A quaich; Highland Park;
our shared sips in the gloaming
by the breathing loch.

The unfinished dram
on the hospice side-table
as the sun came up.

What the heron saw,
the homesick salmon’s shadow,
shy in this whisky.

….

 

You can hear it recited by Duffy here: https://vimeo.com/102934532. Neither of these versions explicitly mention the Islay distilleries but I’ve seen a slightly different version of the text that includes the lines

The love of the names,

like Lagavulin, Laphroaig,

loosening the tongue

Before “Beautiful hollow by the broad bay…” which is how the Gaelic place name  Laphroaig is usually translated into English.

Drams caught my attention because of the Islay connection but I think what I like most about it is how it weaves together thoughts about identity and reflections on whisky’s place in our collective psyche.

It is as much about “himself splashing the amber”, a grandmother who was “Irish to his Scotch,” and the “sad flit from whisky to beer” (Scotland to England) as it is about  “weather, landscape, history; malted, swallowed neat“.

The squillions now devoted to marketing whisky are largely spent on selling the narrative in those last two lines to the world. I wonder how many expats the modern Madmen have left feeling like homesick salmon, longing for the scent of seaweed on peaty air?

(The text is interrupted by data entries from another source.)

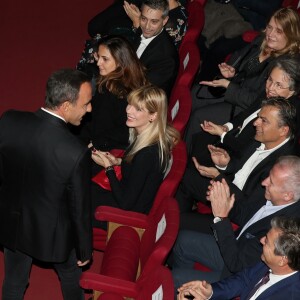 Nikos Aliagas avec sa compagne Tina Grigoriou, sa soeur Maria avec son compagnon Nikos, sa mère Harula et des membres de sa famille lors de la réception organisée en l'honneur de son entrée au musée Grévin. Paris, le 7 décembre 2016.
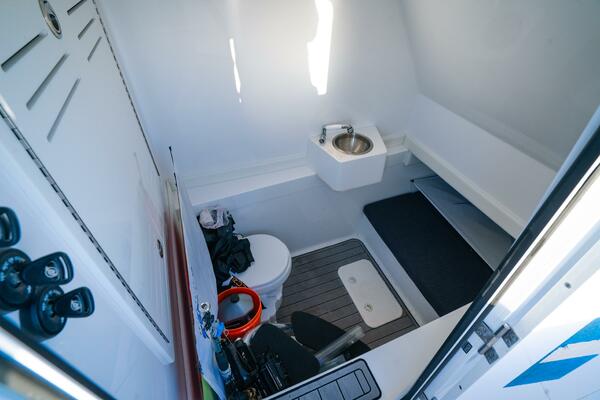 36ft Front Runner Yacht For Sale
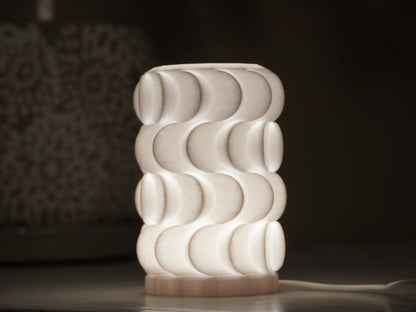 Lámpara Waves 3D encendida, diseño ondulado inspirado en las olas del mar – Prinx.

Duffy has placed whisky accurately in the landscape of Scots life: bitter sweet water for joy, grief and trauma, for the newly-wed as well as for the dead. Some things are made-up, others are made-up truth, as an Islay High School student once defined fiction, when he was lucky enough to have Bernard MacLaverty as his English teacher.**

Duffy is clearly an enthusiast but not one who is blind to the risk of our reinvented national drink  being tainted by pretension, reminding us that sherry casks being used to age single malts was nothing more than a  “sublime accident” of history.

No upmarket dram worth its salty nose is, these days, without some reference to the wood it matured in. Yet it is not so long ago that the industry scoured the world for the cheapest discarded barrels it could find. Oloroso or Bourbon finish? It was the pound-dollar and the pound-peseta rates that used to dictate that choice in the days before people started talking bananas at tastings.

Nor is she unseeing of whisky’s capacity to break as well as create bonds: “Drams with a brother; and doubles with another; blether then bother.

For Scots the transition from harmony to discord can be swift, as it can on Twitter, even without whisky.

Follow me on Twitter: @angusm1966

*The Rest and be Thankful is the lovely name for the bleak mountain pass between Loch Long and Loch Fyne on the beautiful, winding road that leads through Argyll to Kennacraig, the ferry port for Islay, on the road to Campbeltown.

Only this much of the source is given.